Hi, I’ve downloaded several assemblies from RefSeq and will be generating a custom database using the makeblastdb command. The file headers need to be in a specific format to subsequently fetch individual sequences from blastn_out search results using blastdbcmd.
The headers for all fasta and multifasta files need to be formatted something like this: >gnl|uniqID|seq1 The assembly files downloaded from NCBI assembly site have headers like this:
>NZ_BP006234.1 Organism name strain AC2-110 genome
>NZ_BP006234.1 Organism name strain AC2-110 plasmid pxxx5, complete sequence
or like this:
>NZ_BB45345435.1 Organism name 73645 n_819_l_244_c_44.200821, whole genome shotgun sequence
>NZ_BB45345435.1 Organism name 73645 n_773_l_201_c_51.631840, whole genome shotgun sequence
They should look like this:
>NZ_BP006234.1|seq1
>NZ_BP006234.1|seq2
>NZ_BP006234.1|seq3
I think that the sed command can be used in this case but don't know what to provide so that it removes part and keeps the correct part of the string. Thank you for helping.

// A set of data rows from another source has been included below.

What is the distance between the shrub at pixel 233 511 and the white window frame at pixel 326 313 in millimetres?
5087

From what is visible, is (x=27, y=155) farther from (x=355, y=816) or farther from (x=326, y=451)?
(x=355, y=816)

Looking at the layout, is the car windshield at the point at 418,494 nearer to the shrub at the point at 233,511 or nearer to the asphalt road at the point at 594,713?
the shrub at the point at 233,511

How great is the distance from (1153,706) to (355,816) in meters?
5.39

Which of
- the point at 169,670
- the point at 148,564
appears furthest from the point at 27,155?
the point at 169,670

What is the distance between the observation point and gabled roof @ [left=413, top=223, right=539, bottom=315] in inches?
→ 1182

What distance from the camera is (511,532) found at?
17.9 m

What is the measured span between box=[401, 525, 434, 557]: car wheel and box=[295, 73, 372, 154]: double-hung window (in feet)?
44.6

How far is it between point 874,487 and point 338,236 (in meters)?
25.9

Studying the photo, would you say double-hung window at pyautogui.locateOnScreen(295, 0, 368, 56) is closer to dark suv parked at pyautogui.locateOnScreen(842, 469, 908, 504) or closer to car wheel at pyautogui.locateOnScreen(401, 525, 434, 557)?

What have you tried so far?
What's your makeblastdb cmdline looking like? And while you're at it can you also post part of your fasta file?
the makeblastdb isn't the issue as I can get that to run. It's that the --parseseq ids isn't parsing the files correctly. After much review of the NCBI BLASt documentation, it appears that the issue is headers- they're a mess when downloaded from the NCBI assemblies site. I need to get rid of the spaces and the long names to have the files parsed correctly using blastdbcmd. As for the fasta, it's a straight forward fasta or multifasta file, ex) AAACCTCGGCCC of lengths between 200 bp- whole genome assemblies of ~ 4 MB.
which blast version are you running? I never seem to have had any trouble formatting blastDBs from fasta files with headers as you mention in your post.